### EXERCISE AIM
Return the data that follows exactly. Include every line.

### EXCERPTED RECORDS

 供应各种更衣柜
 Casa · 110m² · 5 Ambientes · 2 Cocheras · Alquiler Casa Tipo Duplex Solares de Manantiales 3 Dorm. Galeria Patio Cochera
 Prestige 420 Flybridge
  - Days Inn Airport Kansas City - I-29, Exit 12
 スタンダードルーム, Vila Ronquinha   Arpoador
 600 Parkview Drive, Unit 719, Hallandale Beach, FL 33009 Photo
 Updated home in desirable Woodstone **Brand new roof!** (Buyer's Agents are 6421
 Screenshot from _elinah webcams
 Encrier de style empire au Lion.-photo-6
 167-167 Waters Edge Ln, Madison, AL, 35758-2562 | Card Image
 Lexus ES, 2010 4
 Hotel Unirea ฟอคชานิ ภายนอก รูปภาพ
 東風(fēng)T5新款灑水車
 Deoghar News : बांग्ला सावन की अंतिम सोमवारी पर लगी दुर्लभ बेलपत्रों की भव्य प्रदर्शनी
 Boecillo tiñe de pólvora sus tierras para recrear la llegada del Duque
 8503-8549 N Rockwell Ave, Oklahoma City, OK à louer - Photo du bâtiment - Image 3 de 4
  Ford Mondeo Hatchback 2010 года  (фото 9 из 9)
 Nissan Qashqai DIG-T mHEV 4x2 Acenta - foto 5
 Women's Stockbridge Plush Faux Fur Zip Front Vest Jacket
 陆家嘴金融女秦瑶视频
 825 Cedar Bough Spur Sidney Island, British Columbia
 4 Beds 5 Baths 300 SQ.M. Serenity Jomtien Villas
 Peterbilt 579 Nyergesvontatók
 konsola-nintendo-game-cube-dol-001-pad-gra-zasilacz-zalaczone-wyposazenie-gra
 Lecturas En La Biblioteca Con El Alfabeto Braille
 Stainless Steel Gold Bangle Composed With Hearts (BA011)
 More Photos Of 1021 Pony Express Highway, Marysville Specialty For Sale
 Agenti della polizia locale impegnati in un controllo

### YOUR SOLUTION
 供应各种更衣柜
 Casa · 110m² · 5 Ambientes · 2 Cocheras · Alquiler Casa Tipo Duplex Solares de Manantiales 3 Dorm. Galeria Patio Cochera
 Prestige 420 Flybridge
  - Days Inn Airport Kansas City - I-29, Exit 12
 スタンダードルーム, Vila Ronquinha   Arpoador
 600 Parkview Drive, Unit 719, Hallandale Beach, FL 33009 Photo
 Updated home in desirable Woodstone **Brand new roof!** (Buyer's Agents are 6421
 Screenshot from _elinah webcams
 Encrier de style empire au Lion.-photo-6
 167-167 Waters Edge Ln, Madison, AL, 35758-2562 | Card Image
 Lexus ES, 2010 4
 Hotel Unirea ฟอคชานิ ภายนอก รูปภาพ
 東風(fēng)T5新款灑水車
 Deoghar News : बांग्ला सावन की अंतिम सोमवारी पर लगी दुर्लभ बेलपत्रों की भव्य प्रदर्शनी
 Boecillo tiñe de pólvora sus tierras para recrear la llegada del Duque
 8503-8549 N Rockwell Ave, Oklahoma City, OK à louer - Photo du bâtiment - Image 3 de 4
  Ford Mondeo Hatchback 2010 года  (фото 9 из 9)
 Nissan Qashqai DIG-T mHEV 4x2 Acenta - foto 5
 Women's Stockbridge Plush Faux Fur Zip Front Vest Jacket
 陆家嘴金融女秦瑶视频
 825 Cedar Bough Spur Sidney Island, British Columbia
 4 Beds 5 Baths 300 SQ.M. Serenity Jomtien Villas
 Peterbilt 579 Nyergesvontatók
 konsola-nintendo-game-cube-dol-001-pad-gra-zasilacz-zalaczone-wyposazenie-gra
 Lecturas En La Biblioteca Con El Alfabeto Braille
 Stainless Steel Gold Bangle Composed With Hearts (BA011)
 More Photos Of 1021 Pony Express Highway, Marysville Specialty For Sale
 Agenti della polizia locale impegnati in un controllo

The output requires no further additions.